Sent from my iPhone in a non-Calde world :-(
 


cunning fergus

Well-known member
Jan 18, 2009
4,747
Hate crime has an excuse, the country's going to shit, we'll have a recession where you, your family and the whole country will be affected, but hey get over it! The country lost.

Intolerance has many heads, and the guilty of it have different motives.

Last weeks democratic result has lead to a spike of that there is no doubt, but it's the losers who are most vitriolic and have most to gain from the illusion that those supporting leave are busy building ovens in their back gardens in preparation for the next phase.

In the real world, I can only imagine how threatened old white people must feel around around gangs of angry young people these days given the outpouring of vile abuse about them on Twitter etc.

It's very sad that the losers of the vote can't be tolerant and respect democracy.
 




Was not Was

Loitering with intent
Jul 31, 2003
1,590
Someone told me the safety pin idea was to make immigrants feel welcome?? Why should we? Do other countries go out of their way to make Brits feel welcome if we emigrate?

It's to show people that they are safe, not to say 'welcome'.

Since the vote, racists have been abusing and assaulting immigrants and other people who look/sound different to them, including non-white Brits.

Police report a sharp increase in these assaults. This has now happened to two friends of friends of mine, in separate incidents, and other friends have witnessed such assaults in the past week.

Whether the safety pin thing has any effect is questionable, but you can at least see why people are doing it. It is our friends, family and neighbours under attack and feeling scared.
 


Bob!

Coffee Buyer
Jul 5, 2003
11,144
Can't stand any of it, just like I can't stand celebrities telling me to dig deep and give to Charity and making everyone feel guilty.

And multi- million Tesco asking ME to buy food from them so THEY can give it to the local foodbank!
 


goldstone

Well-known member
Jul 5, 2003
7,128
Whether the safety pin thing has any effect is questionable, but you can at least see why people are doing it.

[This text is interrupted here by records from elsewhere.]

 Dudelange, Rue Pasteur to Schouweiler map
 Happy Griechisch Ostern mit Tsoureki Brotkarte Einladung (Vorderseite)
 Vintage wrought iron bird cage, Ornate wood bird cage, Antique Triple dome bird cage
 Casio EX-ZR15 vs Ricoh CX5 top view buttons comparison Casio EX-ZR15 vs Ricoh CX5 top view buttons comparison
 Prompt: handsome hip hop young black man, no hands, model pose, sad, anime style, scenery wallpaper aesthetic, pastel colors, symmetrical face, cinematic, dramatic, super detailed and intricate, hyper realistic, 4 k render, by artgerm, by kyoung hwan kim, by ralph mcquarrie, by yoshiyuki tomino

It is our friends, family and neighbours under attack and feeling scared.

No I can't see why people are wearing them. A completely pointless and "look at me" exercise.
 




D

Deleted member 22389

Guest
And multi- million Tesco asking ME to buy food from them so THEY can give it to the local foodbank!

I give to the RNLI and other charities when I can, I also run a charity website.
 


KingKev

Well-known member
Jun 16, 2011
867
Hove (actually)
It's to show people that they are safe, not to say 'welcome'.

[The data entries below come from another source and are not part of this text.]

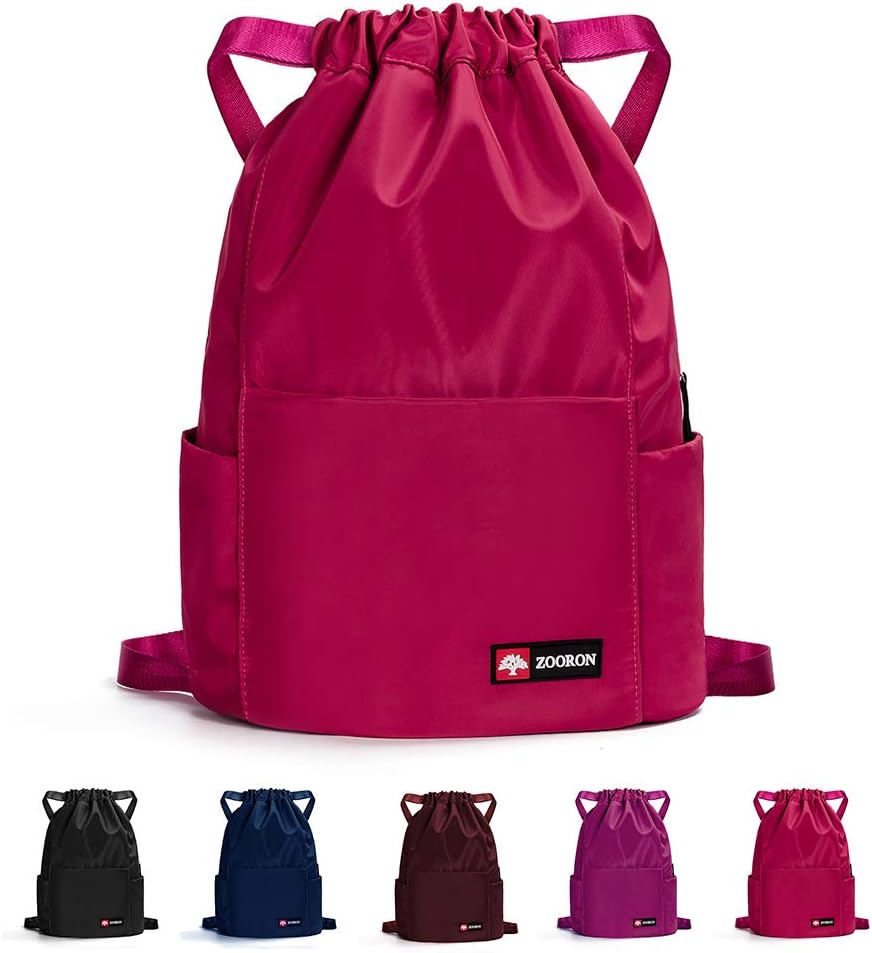 ZOORON Waterproof Drawstring Gym Backpack Bag for Men & Women, Sport Gym Sack Mini Travel Daypack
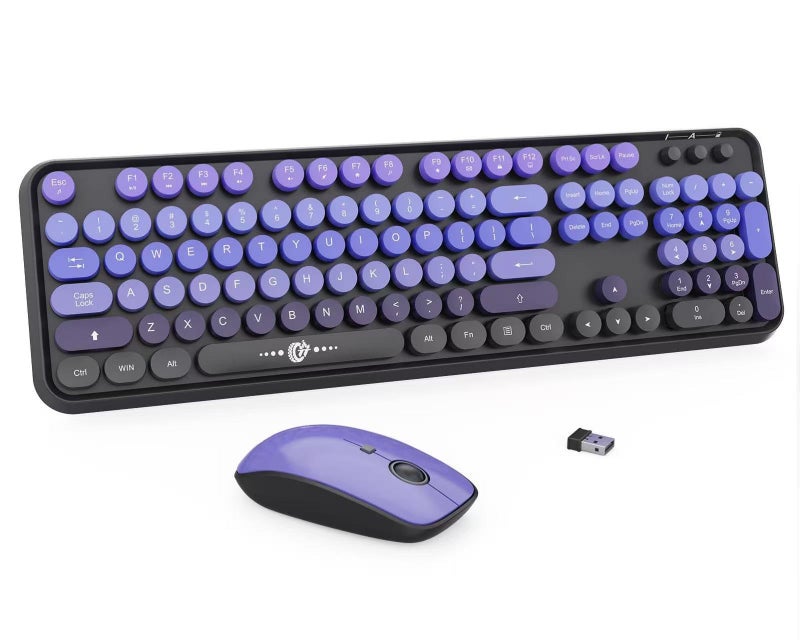 Letton Wireless Keyboard Mouse Combo,Typewriter Cute Retro Style,104 Round Key Colorful Keyboard with Number Pad,Letton Full Size Keyboard Mouse with 3 DPI for PC Laptop Computer-Black Purple - Image 1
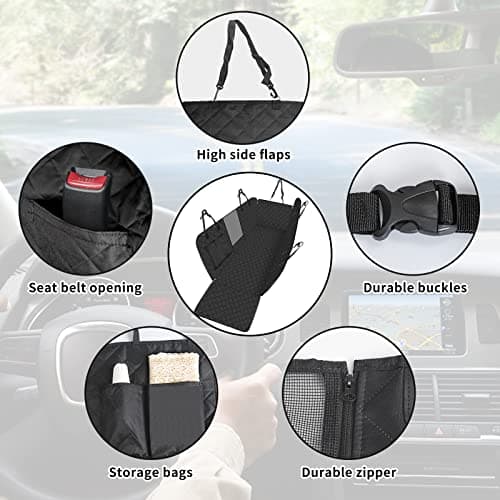 Detalle 2 de Sosayet funda coche 4 en 1 para perros (asiento trasero) 137 x 147 cm, impermeable antideslizante con ventana lateral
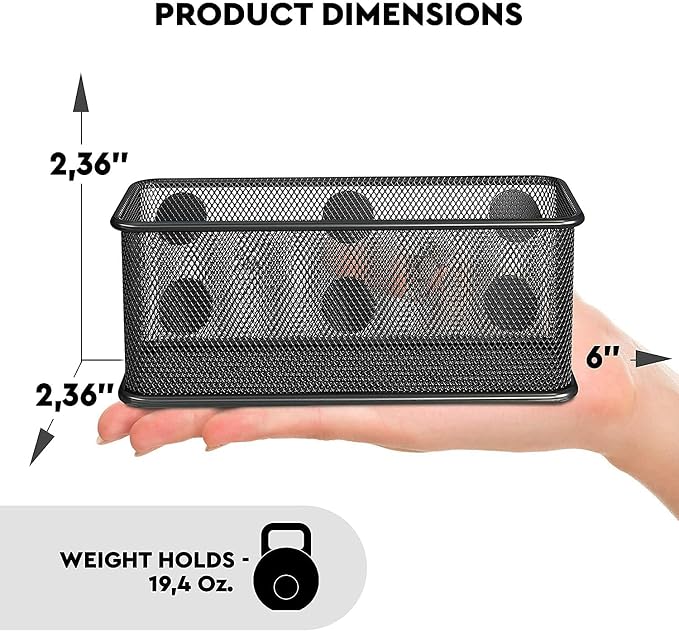TAPBULL Mesh Magnetic Storage Baskets - Set of 3 (Black) with Anti-Slip Feature and Strong Magnets - Magnetic Locker Organizer and Pencil Holder for Whiteboard and Refrigerator (Black-3 pcs)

Since the vote, racists have been abusing and assaulting immigrants and other people who look/sound different to them, including non-white Brits.

Police report a sharp increase in these assaults. This has now happened to two friends of friends of mine, in separate incidents, and other friends have witnessed such assaults in the past week.

Whether the safety pin thing has any effect is questionable, but you can at least see why people are doing it. It is our friends, family and neighbours under attack and feeling scared.
So bin the safety pin and stand up to be counted when you see bad things happening. That video on a Manchester tram was sickening; not because of the stupidity of the 3 kids, but because dozens of 'good' people stood there and watched, only piping up the little gits had got off the tram.
The safety pin thing is a way for hand wringing liberals to abdicate personal responsibility. It is bollox unless people are willing to back that up with a personal zero-tolerance approach to rascist/xenophobic/homophobic etc hate crimes and abuse happening around them.
The Aussies got nearer the point with that 'ride with me' campaign - perhaps our approach should be something similar? Let the gits and the bully-cowards know that we will not accept that sort of behaviour in our presence, in our country, in our names.